# The task
Begin at the top of the records below and return each line exactly through the line with "BALA Hundekind möchte". Skip pictures.

Crawled caption data:
--------------------------------------------------

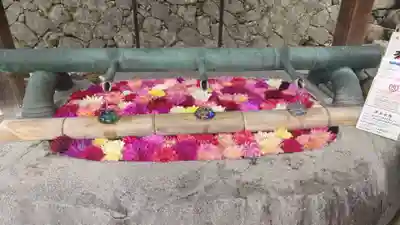 岡寺(龍蓋寺)(奈良県)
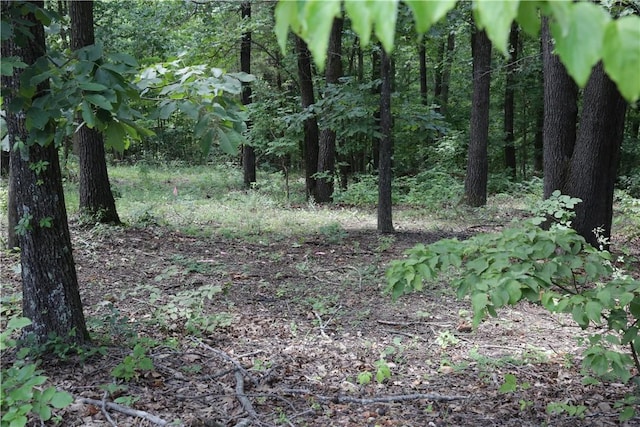 LOT34, BLOCK3 Runnymede Ln, Bella Vista, AR 72715 - photo 1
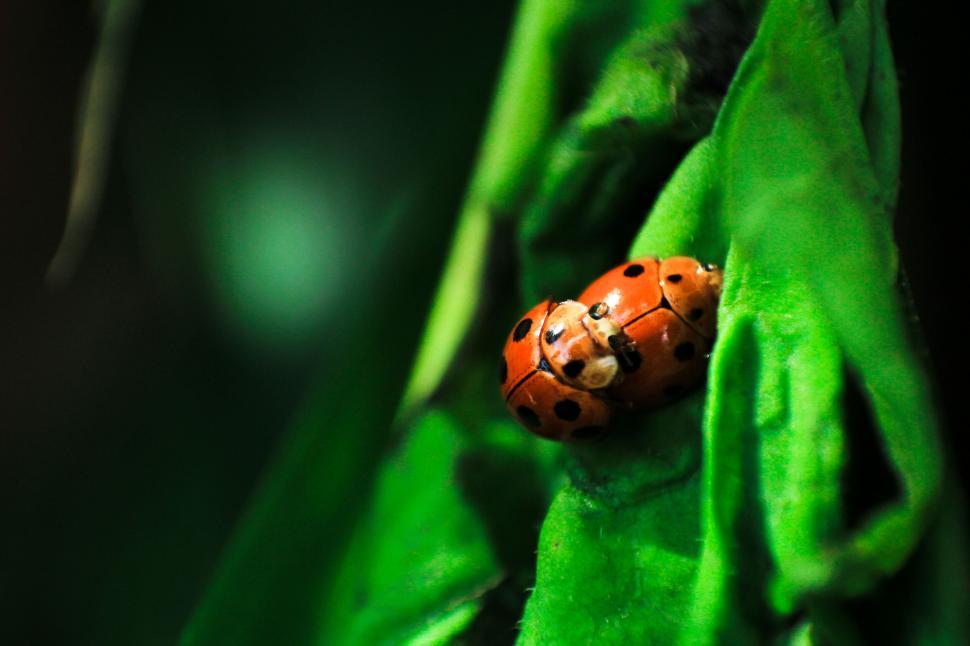 Free Image of Macro image of two orange ladybugs on green leaf 
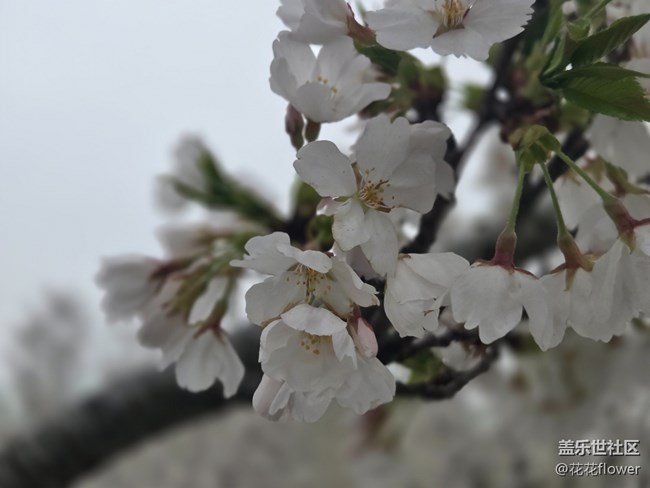 #擁抱大自然——白色櫻花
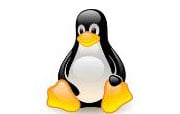 201731-linux_penguin_180_original.jpg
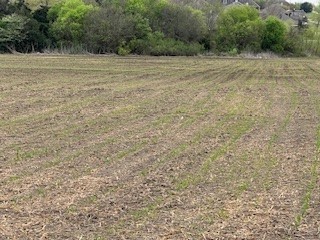 TBD N I35 Highway, Waco, TX, 76706 | 192776 | Realty Texas LLC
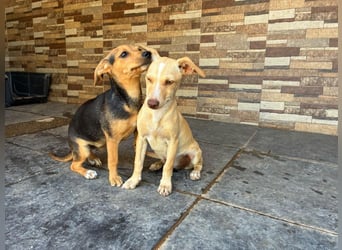 BALA Hundekind möchte nach den Sternen greifen!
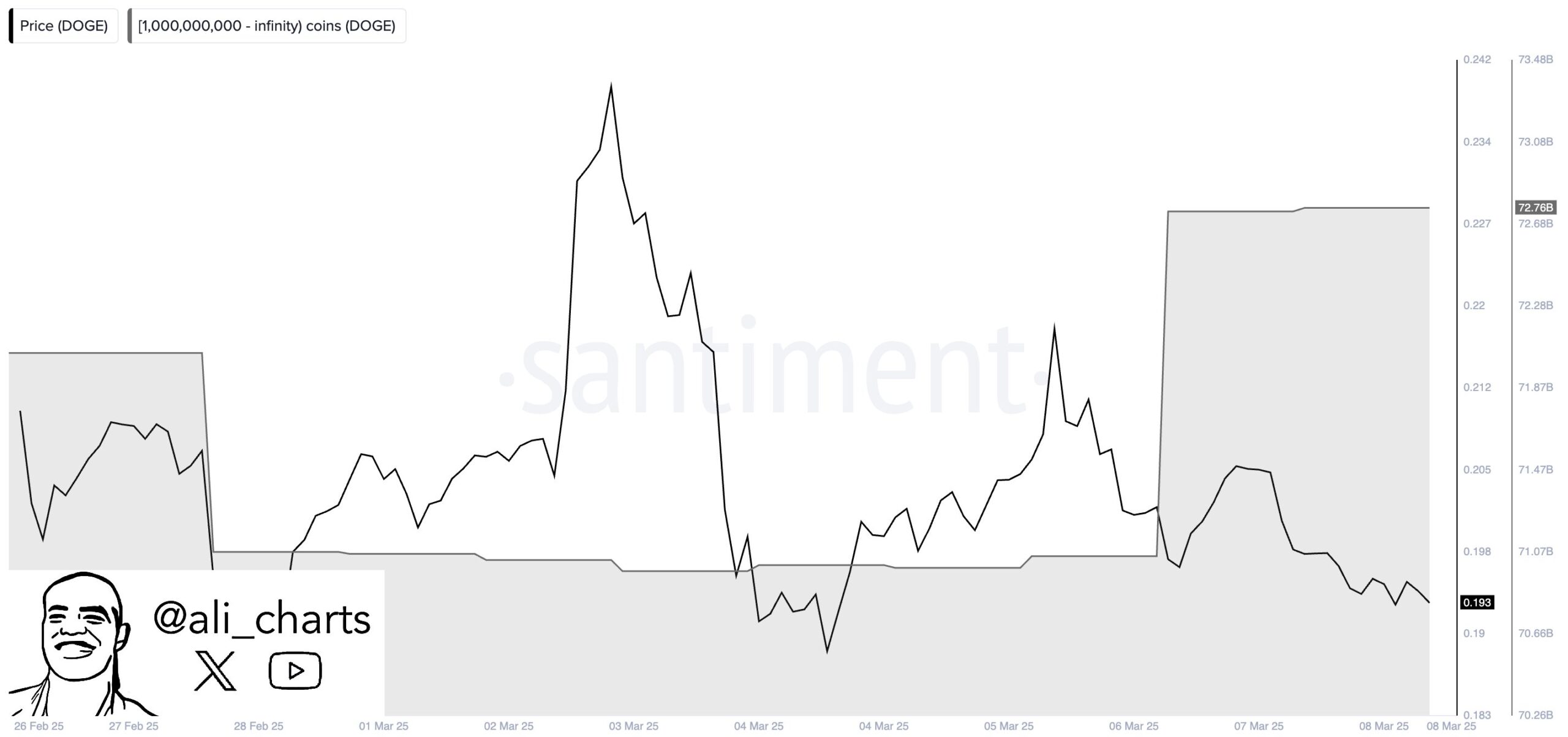 Dogecoin (DOGE) Whales Accumulation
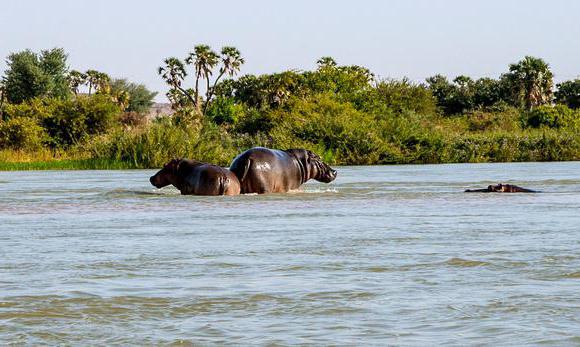 Régime du fleuve Niger: caractéristiques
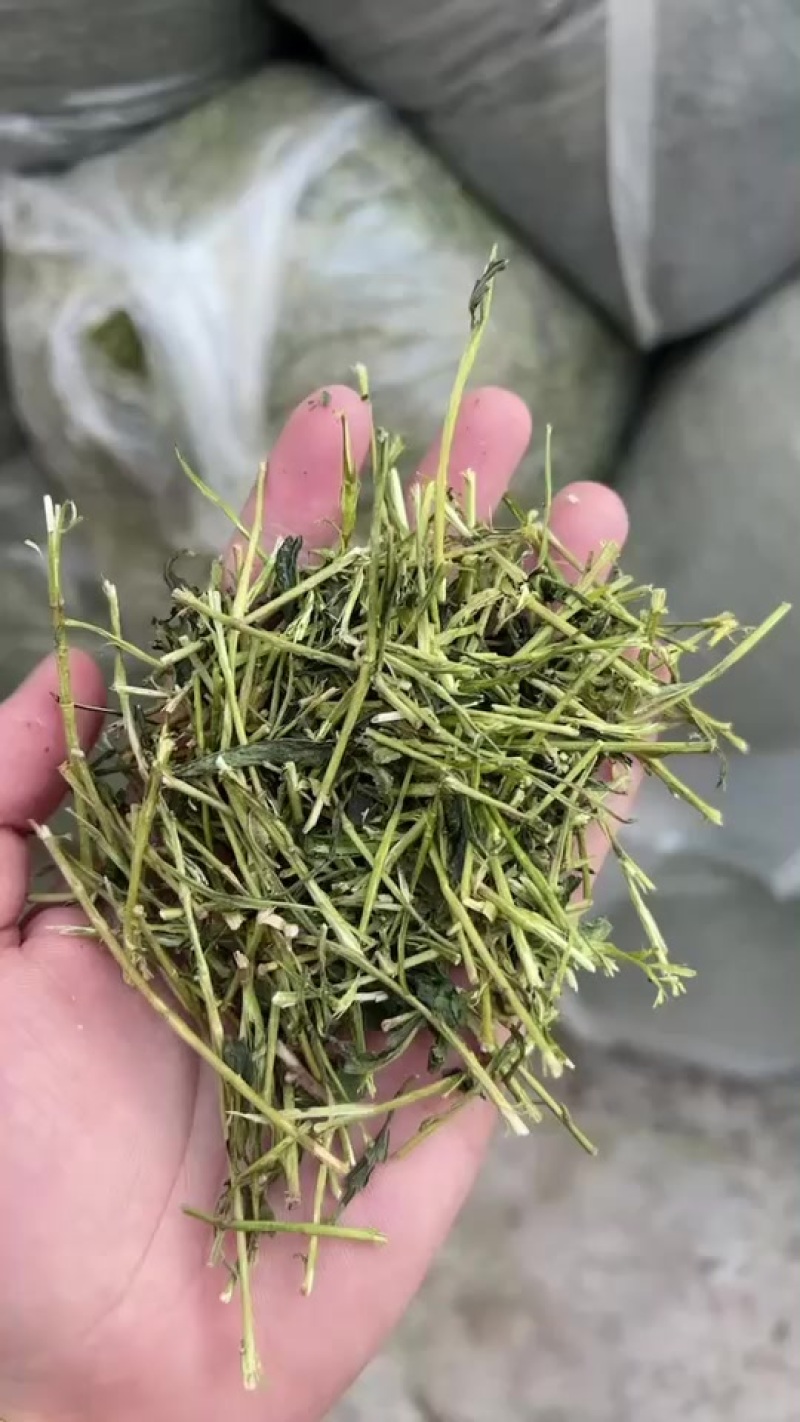 茶梗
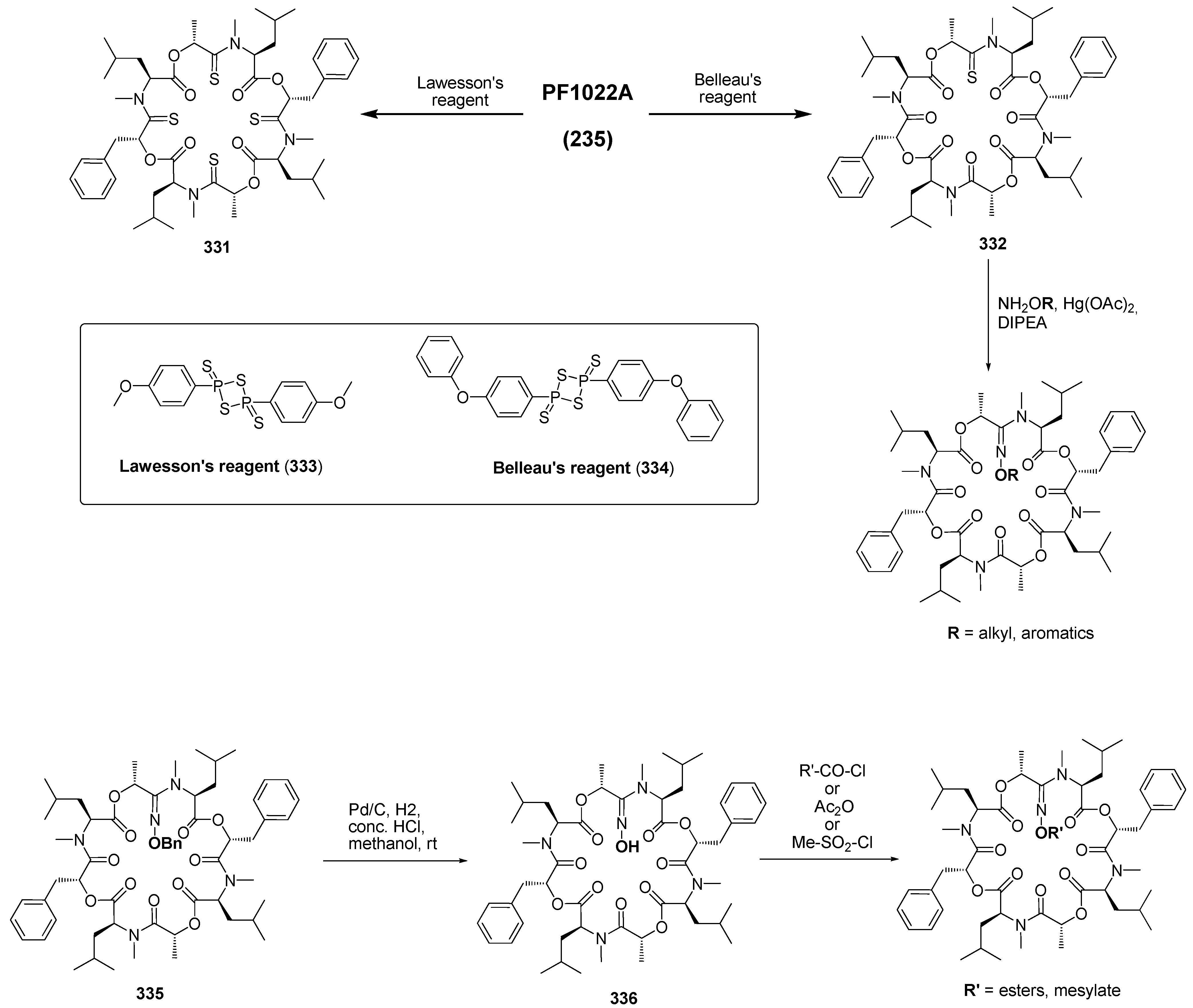 Molecules 19 12368 g054
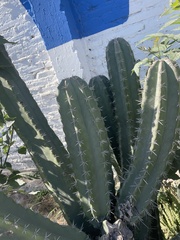 Cactaceae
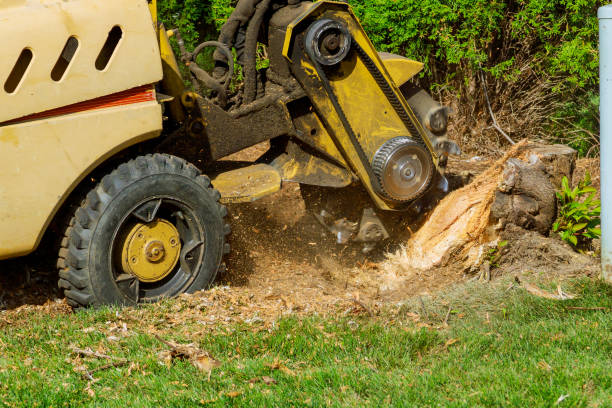 Best Organic Lawn Care Solutions  in Summerde, AL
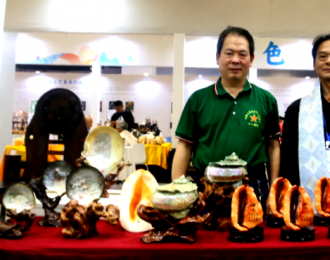 广西八一退役军人文工团副团长采访工艺美术大师庞振新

--------------------------------------------------

# Response below
 岡寺(龍蓋寺)(奈良県)
 LOT34, BLOCK3 Runnymede Ln, Bella Vista, AR 72715 - photo 1
 Free Image of Macro image of two orange ladybugs on green leaf 
 #擁抱大自然——白色櫻花
 201731-linux_penguin_180_original.jpg
 TBD N I35 Highway, Waco, TX, 76706 | 192776 | Realty Texas LLC
 BALA Hundekind möchte nach den Sternen greifen!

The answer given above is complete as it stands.